Ich bin keine begeisterte Saalrednerin, trotzdem freue ich mich heute, das ansprechen zu können, was mir schon lange am Herzen und manchmal auch im Magen liegt.
Noch größer aber ist meine Freude über den fast vollbesetzten Saal, in dem ich so viele junge Gesichter sehe. Das nährt vielleicht auch meine Hoffnung …
Ich sage vielleicht, weil jedem Anfang – auch einem politischen Neubeginn – ein Zauber innezuwohnen scheint. Ein Zauber, der, wie in jeder Verliebtheit, rasch verfliegen kann, wenn wir nicht behutsam miteinander umgehen und bemüht sind, sowohl Kränkungen als auch Entwertungen offen zu thematisieren. Auch gelegentliches Lob schadet nicht. Theoretisches Wissen und praktische Erfahrung sollten wir nicht gegeneinander ausspielen und das übergeordnete Gemeinsame nicht aus den Augen verlieren.
Ich gestehe, ich war von Anfang an verliebt in den Aufbruch – ich habe dort gespürt, wie solidarisches Handeln mit jungen Menschen Motivation fördert und auch lustvoll sein kann. Ich habe lange, trotz Skepsis von außen, durchgehalten. Aber missionarischer Aktionismus ohne konkretes Ziel frustriert und vertreibt auf Dauer auch hochmotivierte AkteurInnen.
Bewegen
Ich bin seit dem Verlassen meines tiefschwarzen Elternhauses, also seit ca. 50 Jahren, in linken Milieus unterwegs. Politisch sozialisiert wurde ich in der Frauenbewegung, in der männerdominierten Gewerkschaftswelt, in der Armutskonferenz und in meiner Tätigkeit als psychiatrische Sozialarbeiterin. Zuletzt bin ich in der KPÖ gelandet.

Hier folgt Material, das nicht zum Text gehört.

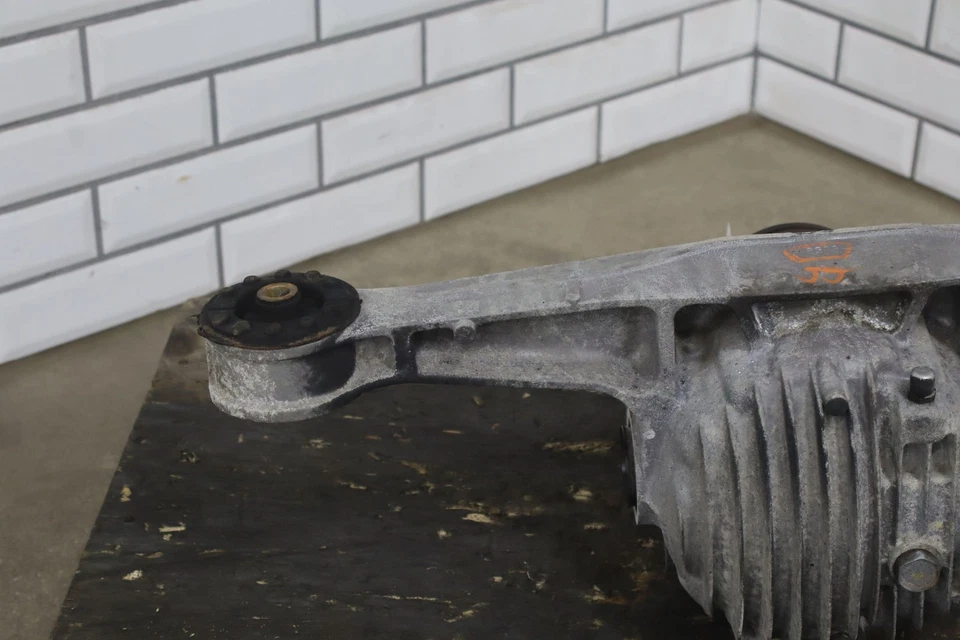 Mazda Miata 1999-2002 NB 5 velocidades transmisión hombre trasero 4,30 bloqueo diferencial portador Foto 2 de 4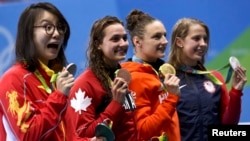 Fu Yuanhui of China, left, shows her medal from the 2016 Rio Olympics. (REUTERS/David Gray)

Auf diesem Weg bin ich müde geworden. Aber nicht zu müde, um nicht immer wieder aufbrechen zu wollen. Diesmal aber möchte ich auch ankommen.
Ich bin es nämlich leid, dem erfolglosen, vereinsamenden Schaulaufen der Linken zuzuschauen und vielleicht den besonders Linken zu applaudieren, wenn ihnen fallweise ein doppelter Rittberger auf dem gesellschaftspolitischen Eis gelingen sollte.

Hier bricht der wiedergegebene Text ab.